In 2020 he went even further, making the unusual move of renouncing his own decision in the 2005 Brand X case.
That year, conservative groups were petitioning the Supreme Court to take an administrative law case involving Howard and Karen Baldwin, two movie producers who had overpaid taxes to the IRS and were trying to get their money back using an obscure argument about the postmark date of a letter.
The Baldwins lost their case at the Ninth Circuit Court of Appeals, which cited Brand X precedent in ruling against the couple. The Leo-linked New Civil Liberties Alliance petitioned the Supreme Court to hear an appeal and overturn Brand X. Leo’s dark money group donated $1 million in 2020 to the New Civil Liberties Alliance.
The Supreme Court voted not to take the case, with only Thomas dissenting.
“Although I authored Brand X, ‘it is never too late to ‘surrende[r] former views to a better considered position,’” Thomas wrote, quoting from a 1950 court decision.

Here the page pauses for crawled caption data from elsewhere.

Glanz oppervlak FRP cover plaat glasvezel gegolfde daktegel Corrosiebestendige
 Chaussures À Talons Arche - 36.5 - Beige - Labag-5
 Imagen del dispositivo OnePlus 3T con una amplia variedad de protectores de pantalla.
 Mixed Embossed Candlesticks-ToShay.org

Brand X appears to be inconsistent with the Constitution, the Administrative Procedure Act (APA), and traditional tools of statutory interpretation. My skepticism of Brand X begins at its foundation–Chevron deference… Chevron is in serious tension with the Constitution, the [Administrative Procedures Act], and over 100 years of judicial decisions.
Flipping The Court
Thomas’ stunning reversal did not happen in a vacuum–it happened amid a coordinated campaign by the conservative movement, led by a network that enriched him.
In the early 2010s, conservative groups began to take aim at the Chevron doctrine, building a case against it through law review articles, legal challenges to regulations, and by installing justices on the court who were willing to overturn it.
“Conservative jurists, commentators, began to see Chevron as empowering the administrative state in ways they didn’t like,” Thomas Merrill, a professor at Columbia Law School, told Bloomberg.
The Federalist Society, the conservative lawyers organization where Leo is co-chair, was at the center of these efforts, publishing articles and touting theories undermining the Chevron doctrine and the administrative state. The American Enterprise Institute (AEI), where Crow sits on the board of trustees, was also agitating against the Chevron doctrine.
“The constant but erratic appeal to Chevron deference seems to us unsound not only for the exalted position that it confers on administrative expertise, but also for the massive political forces–think again of Sprietsma — that it unleashes at the highest levels inside the executive branch and administrative agencies,” read a 2011 publication by AEI.
A 2014 AEI publication lamented,
Chevron has become little more than a sedative for courts clearly anguished by the imaginative excesses of agencies, but unsure of the proper role of the judiciary in reining in those excesses.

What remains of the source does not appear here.